Variational principle & lorentz force law

[Brian-san]

Homework Statement

Show that the Lorentz force law follows from the following variational principle:
S=\frac{m}{2}\int\eta_{\mu\nu}u^\mu u^\nu ds-q\int A_\mu u^\mu ds

Homework Equations

Definition of Field Strength Tensor
Integration by Parts
Chain Rule & Product Rule for Derivatives

The Attempt at a Solution

In order to find the force equation, we need to vary the action and find when \delta S=0.

So, we begin by varying the action integral,
\delta S=\frac{m}{2}\int\eta_{\mu\nu}\delta(u^\mu u^\nu)ds-q\int\delta(A_\mu u^\mu)ds

Then apply product rule to expand all the terms,
\delta S=m\int\eta_{\mu\nu}u^\nu\frac{d(\delta x^\mu)}{ds}ds-q\int\left(\partial_\nu A_\mu u^\mu\delta x^\nu+A_\mu\frac{d(\delta x^\mu)}{ds}\right)ds

Simplified and renamed indices in the second term,
\delta S=m\int u_\mu\frac{d(\delta x^\mu)}{ds}ds-q\int\left(\partial_\mu A_\nu u^\nu\delta x^\mu+A_\mu\frac{d(\delta x^\mu)}{ds}\right)ds

Reverse integration by parts to get the variation out of the derivatives,
\delta S=m\int\left(\frac{d}{ds}\left(u_\mu\delta x^\mu\right)-\frac{du_\mu}{ds}\delta x^\mu\right)ds-q\int\left(\partial_\mu A_\nu u^\nu\delta x^\mu+\frac{d}{ds}\left( A_\mu\delta x^\mu\right)-\frac{dA_\mu}{ds}\delta x^\mu\right)ds

Grouping like terms we have,
\delta S=\int\left(\frac{d}{ds}\left(mu_\mu\delta x^\mu-qA_\mu\delta x^\mu\right)\right)ds+\int \left( q\left(\frac{dA_\mu}{ds}\delta x^\mu-\partial_\mu A_\nu u^\nu\delta x^\mu\right)-m\frac{du_\mu}{ds}\delta x^\mu\right)ds

After integration, the first term should be zero since the variations must vanish at the endpoints.

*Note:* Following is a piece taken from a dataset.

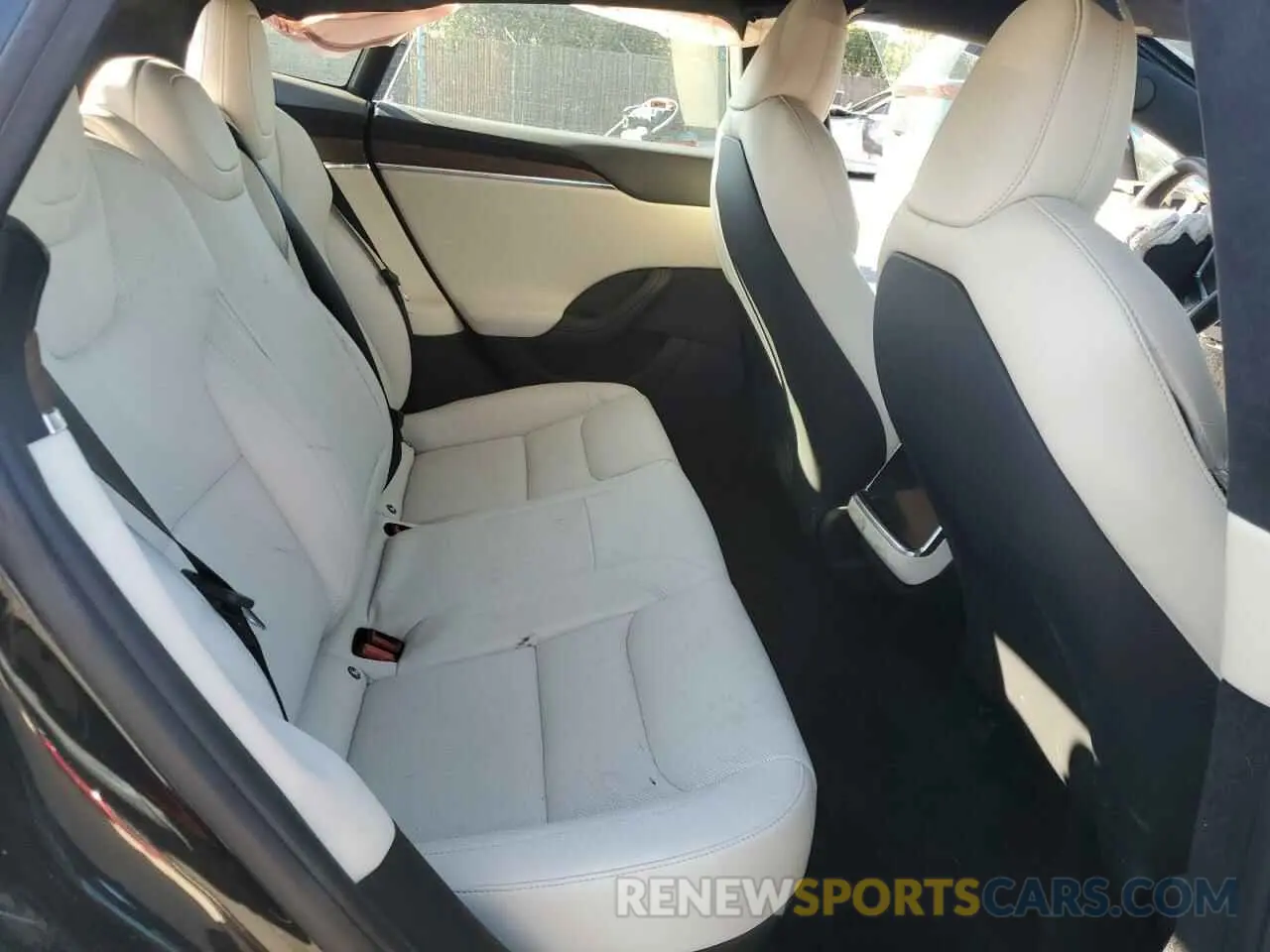 12 Photograph of a damaged car 5YJSA1E59NF460010 TESLA MODEL S 2022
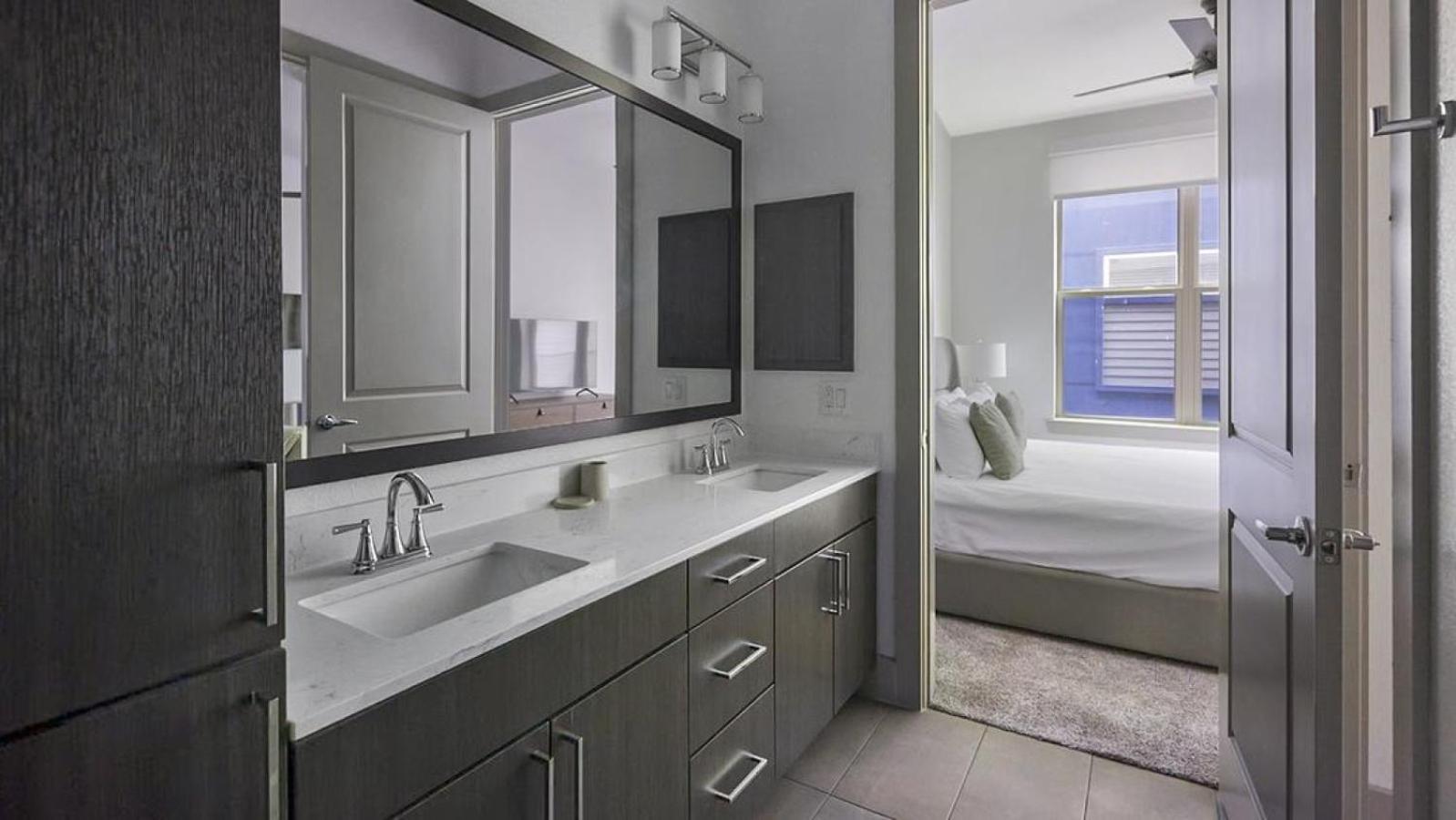 Landing Modern With Amazing Amenities Id1803x06 Apartment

Also, using the chain rule on the dA/ds derivative gives me
\delta S=\int \left( q\left(\partial_\nu A_\mu u^\nu-\partial_\mu A_\nu u^\nu\right)-m\frac{du_\mu}{ds}\right)\delta x^\mu ds

Rearranged terms to simplify further,
\delta S=\int \left( -q\left(\partial_\mu A_\nu-\partial_\nu A_\mu\right)u^\nu -m\frac{du_\mu}{ds}\right)\delta x^\mu ds

Then I use the definition of the field strength tensor to get,
\delta S=\int \left( -qF_{\mu\nu}u^\nu -m\frac{du_\mu}{ds}\right)\delta x^\mu ds

Then \delta S=0 for any arbitrary variation \delta x^\mu only if the integrand itself is zero, so
qF_{\mu\nu}u^\nu+m\frac{du_\mu}{ds}=0

Rearranging the expression gives
\frac{du_\mu}{ds}=-\frac{q}{m}F_{\mu\nu}u^\nu

This is the correct form for the Lorentz force law, however I have an additional minus sign. It's probably a trivial problem, but I've double checked all the work several times and I can't figure out where it's coming from.

 

[arkajad]

Perhaps the problem is this:

On the right hand side you have u^\nu
On the left hand side u_\mu

The relation between the two is given by \eta_{\mu\nu} and that depends on your signature convention. This signature is expressed in the sign of the first term of your action principle.

 

[Brian-san]

I checked my notes and it's supposed to come out to
\frac{du_\mu}{ds}=\frac{q}{m}F_{\mu\nu}u^\nu

We've been using the convention that the spatial terms have the minus signs in the Minkowski metric (+---). In an earlier step I used u_\mu=\eta_{\mu\nu}u^\nu to get the lower mu index in the first term with the mass. I can't find anything that says how the signature affects the process of raising/lowering indices though.

 

[arkajad]

Question is why do you have minus sign in front of the second (or plus in front of the first) term in:

<br /> S=\frac{m}{2}\int\eta_{\mu\nu}u^\mu u^\nu ds-q\int A_\mu u^\mu ds<br />

Landau and Lifgarbagez has this action

The first term is \sqrt{\eta_{\mu\nu}u^{\mu}u^{\nu}}\,ds but it should not matter.